DATA BLOCK:
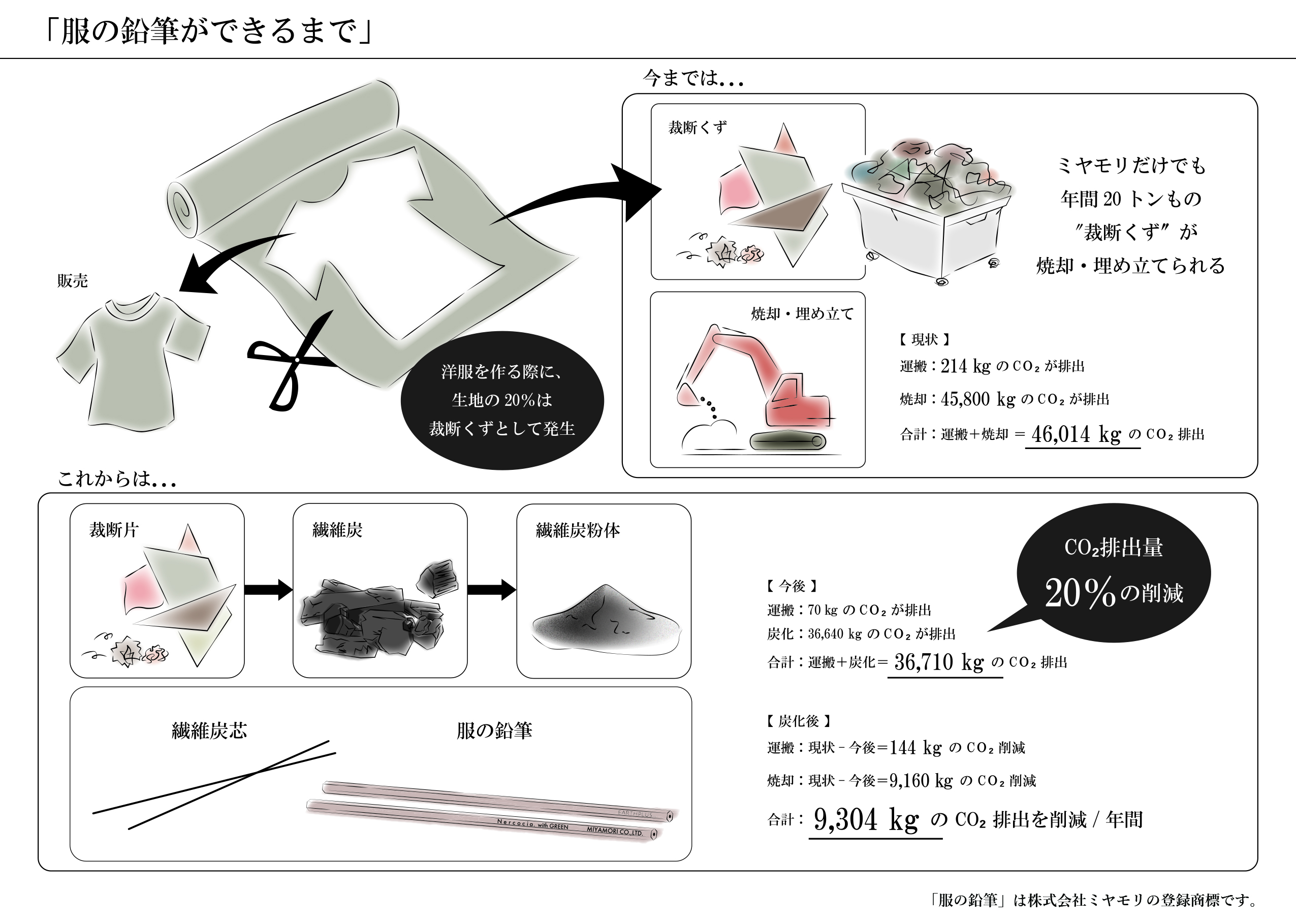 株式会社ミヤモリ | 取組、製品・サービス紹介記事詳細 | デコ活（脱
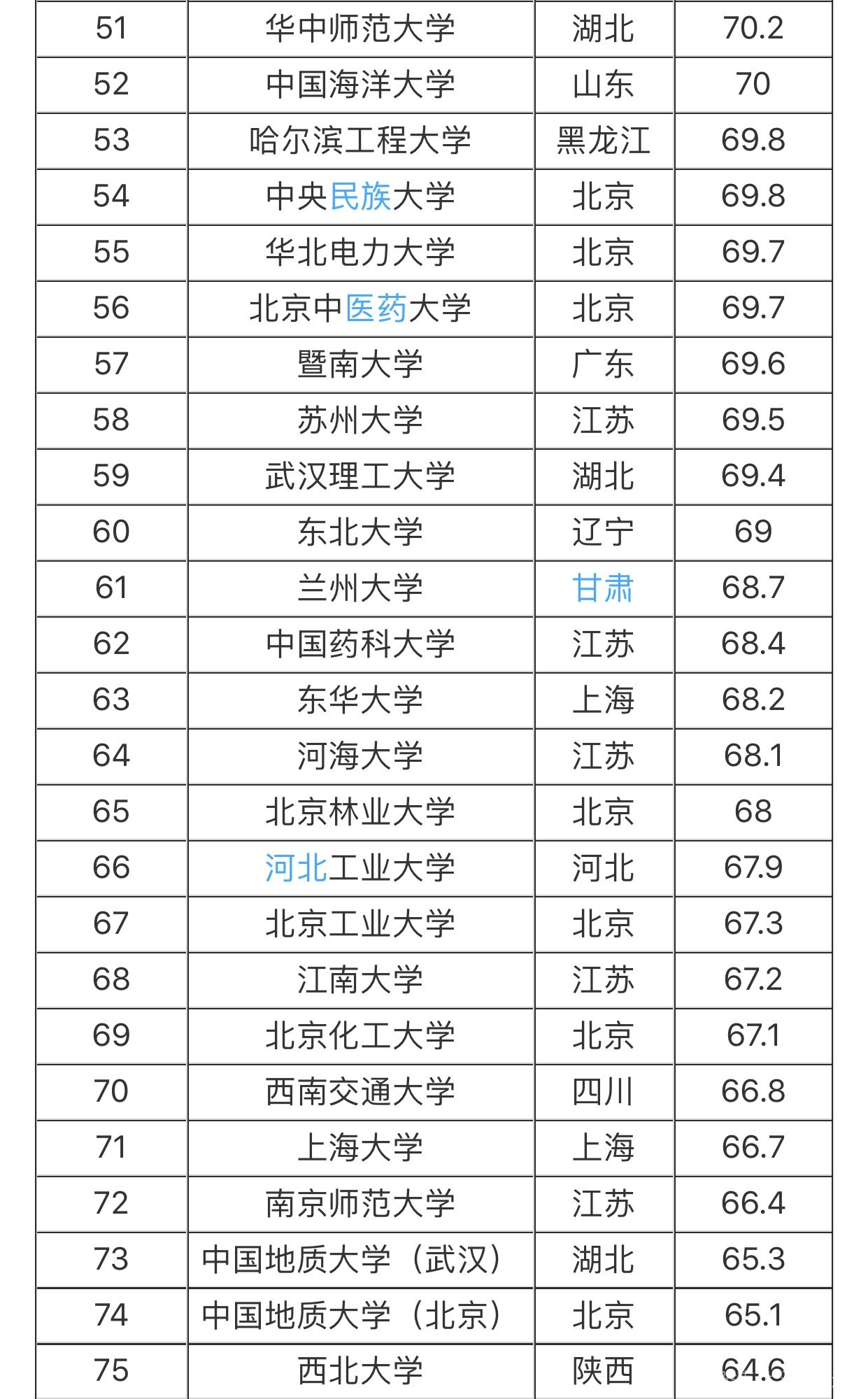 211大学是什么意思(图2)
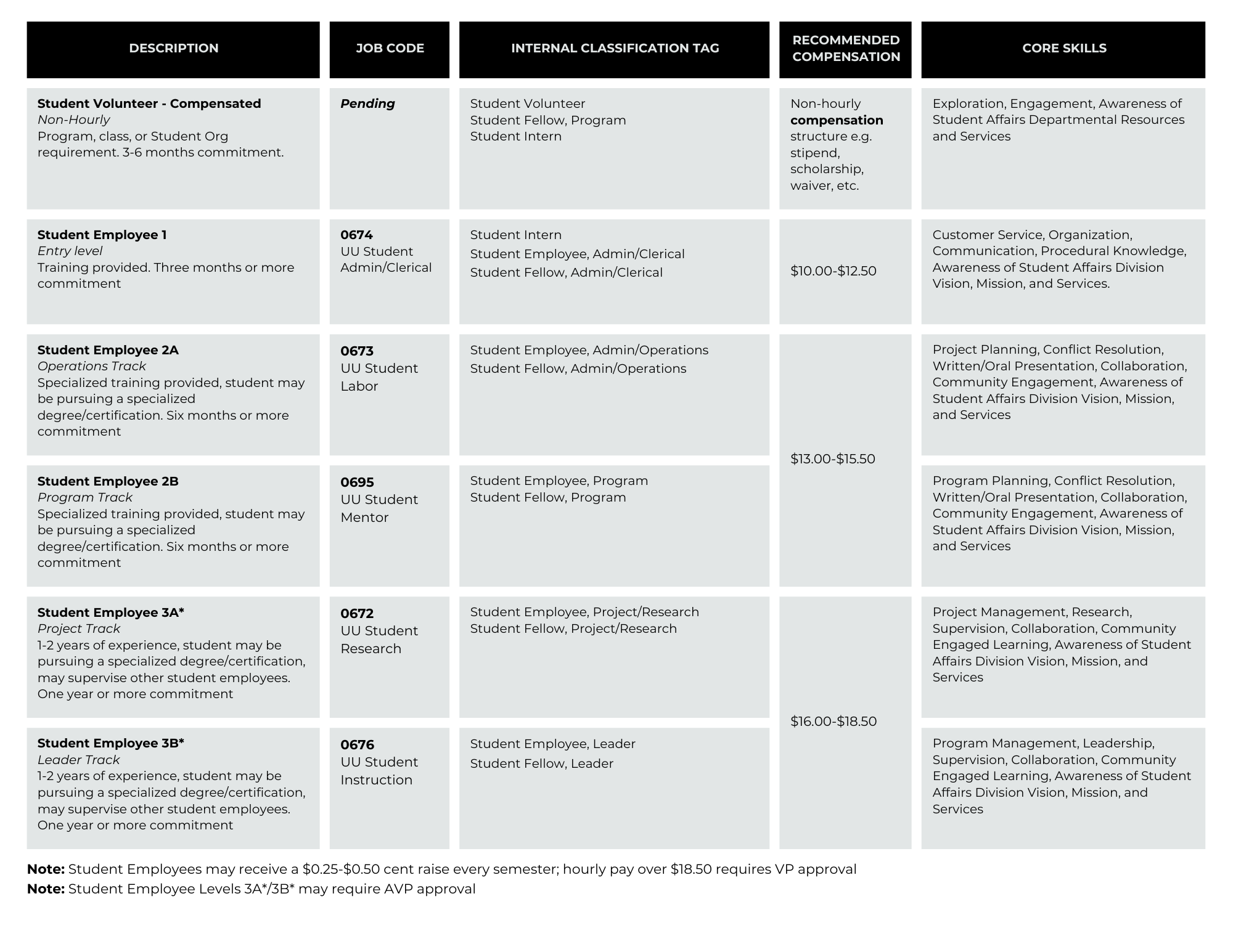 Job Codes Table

WORK TO BE COMPLETED:
Every line of the data above should be returned exactly, with the pictures removed.

OUTPUT:
 株式会社ミヤモリ | 取組、製品・サービス紹介記事詳細 | デコ活（脱
 211大学是什么意思(图2)
 Job Codes Table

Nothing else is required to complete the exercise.